Jackie was kneeling on the concrete, singing along with the radio he had set up on the workbench. He had seen Hennessy pull up, and now he felt the cop behind him, but he didn’t stop singing.
“Maybe you’re Ed Sullivan material,” Hennessy said.
Jackie turned as if surprised. “Mr. Hennessy,” he said, standing. “Yeah.” He grinned. “Maybe I am.”
Jackie watched Hennessy check the garage. No broken glass, no jimmied locks.
“It’s a bitch, isn’t it?” Jackie said. “Shapiro just brought it in to have the doors oiled. My dad wouldn’t feel so bad if it wasn’t for that Corvette a while back.”
“Your father ever forget to lock the door?” Hennessy asked. He was standing beside the double doors, giving them the once-over.
“Pop?” Jackie said. “Never. He doesn’t even forget to sweep the floor every day.”
Hennessy looked down at the concrete; there was no place to put his cigarette out, so he let it burn down between his fingers.
“You ever forget?” Hennessy asked easily.

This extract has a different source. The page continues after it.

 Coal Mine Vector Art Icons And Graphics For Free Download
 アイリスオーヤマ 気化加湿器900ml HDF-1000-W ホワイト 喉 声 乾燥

“Hey.” Jackie grinned. He could hear his own pulse in his ears. “I may be dumb, but I’m not stupid.”
“Yeah,” Hennessy said. “Yeah, well, do me a favor. Just keep an eye on your father.”
“What do you mean?” Jackie asked. He looked over to the office. The Saint was busy filling out the report, so Jackie figured he could sneak a quick smoke. He got out a cigarette and his silver lighter. He leaned his head away from the lighter when the flame shot up, and he lit his cigarette carefully.
“I don’t know,” Hennessy said. “He’s confused. He doesn’t know if he locked the door or not.”
That was when Jackie knew he had it made. Hennessy didn’t suspect a thing. Jackie looked over his shoulder to make sure his father wouldn’t catch him smoking, then took a deep drag of his cigarette and tapped the ashes on the floor.